TAPPER: Do you think the fact that you guys are pushing the bipartisan commission is indicative of the fact that our political system is not capable of taking on the serious challenges our nation faces?

You and I know that the money, as Willie Sutton says, said, that -- why do you rob banks? Because that's where the money is. The money is in entitlement programs: Medicare, Medicaid, Social Security, things that you do not touch in this budget.

The fact that you need a bipartisan commission to recommend cuts or tax increases, doesn't that indicate that our political system is incapable of making these tough decisions?

GEITHNER: Jake, I am very confident in our ability as a country to bring people together and make sure we are solving these challenges and these problems. We've done it in the past, it is completely within our capacity to do as a country.

But of course, it requires you bringing people together across the aisle to step back from politics, to try to bring practical solutions to things that are very important to our future as a country. And the president is committed to do that.

We're going to give the Republican Party the chance to share in the responsibility and the burden and the privilege of trying to fix the things that were broken in this country.

TAPPER: Republicans are afraid this is just a back door for tax increases. Are you willing to say that tax increases are off the table for this commission? Let's sit down and talk about the long-term structural problems with entitlement spending?

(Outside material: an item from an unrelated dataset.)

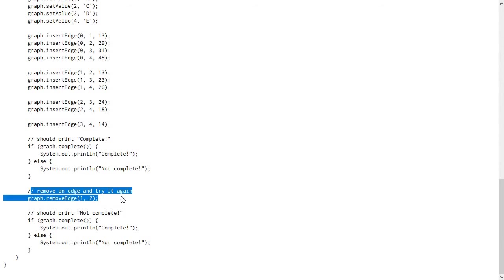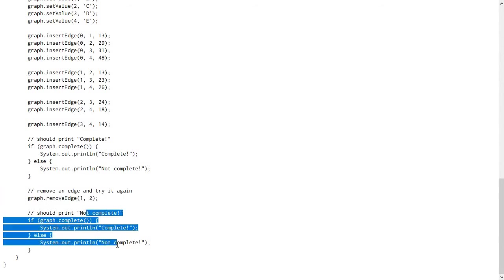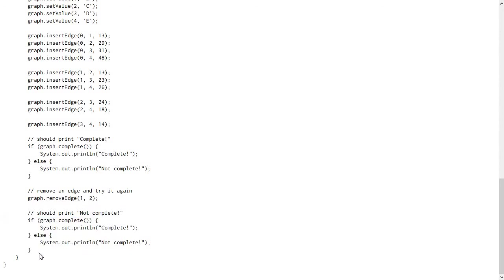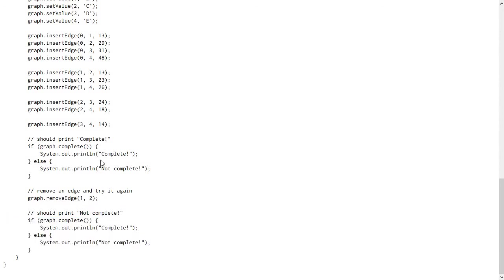But then we call the remove edge method and remove one of the edges from the graph. Then we call the complete method again. And so at this point it should print not complete. So when you run your program, it should print complete and then not complete if you've done everything properly.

GEITHNER: The president's view, and this is a view shared by many Republicans, and it builds on what we've seen with effective commissions in the past, like the Greenspan commission that President Reagan established to help restore the financial footing of Social Security, is that for this to work, you've got to bring people together to step back from politics, day-to-day politics, and to bring fresh ideas to solve these kind of problems.

That's the only way to do it, we think. And we're committed to doing that. We've got to do it on a bipartisan basis, and we're deeply serious about doing this.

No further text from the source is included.